Exercise brief:
Each line of the data below between the one containing "Кабель Promate Fusion-CCW" and the one containing "Krafetto 36 Grids", both included, is to be repeated exactly. Please omit pictures.

Given records:
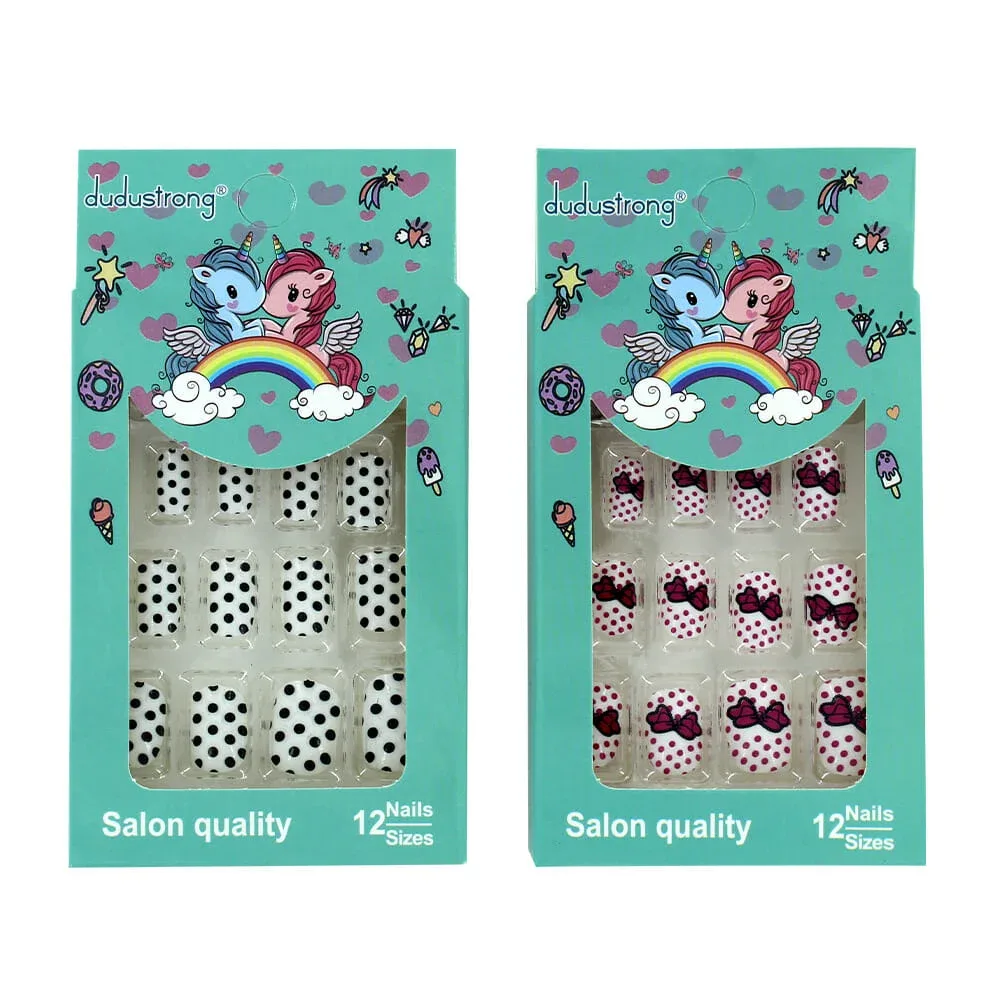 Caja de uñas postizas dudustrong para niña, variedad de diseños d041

==

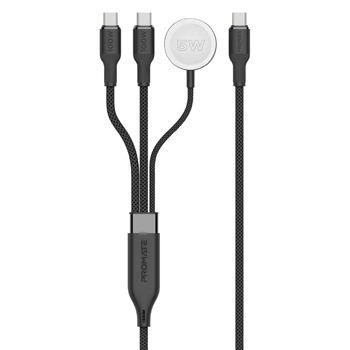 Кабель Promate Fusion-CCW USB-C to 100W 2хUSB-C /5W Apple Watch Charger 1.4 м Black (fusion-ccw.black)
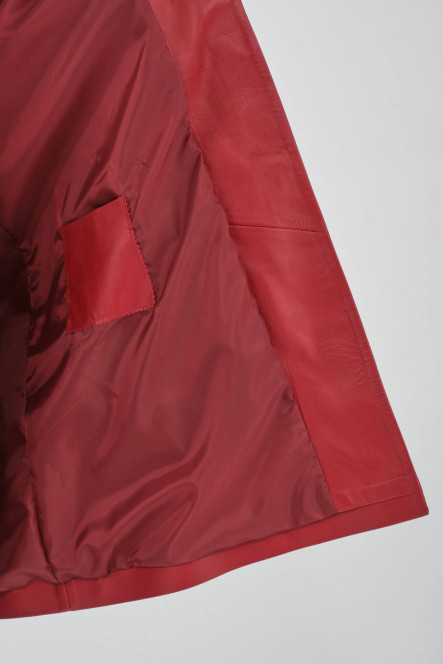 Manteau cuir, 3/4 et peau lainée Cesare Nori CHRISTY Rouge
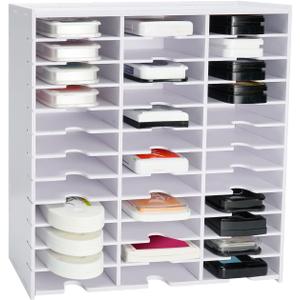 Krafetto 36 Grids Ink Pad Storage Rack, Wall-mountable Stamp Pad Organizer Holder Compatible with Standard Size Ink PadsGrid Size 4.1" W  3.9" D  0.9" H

Response below:
 Кабель Promate Fusion-CCW USB-C to 100W 2хUSB-C /5W Apple Watch Charger 1.4 м Black (fusion-ccw.black)
 Manteau cuir, 3/4 et peau lainée Cesare Nori CHRISTY Rouge
 Krafetto 36 Grids Ink Pad Storage Rack, Wall-mountable Stamp Pad Organizer Holder Compatible with Standard Size Ink PadsGrid Size 4.1" W  3.9" D  0.9" H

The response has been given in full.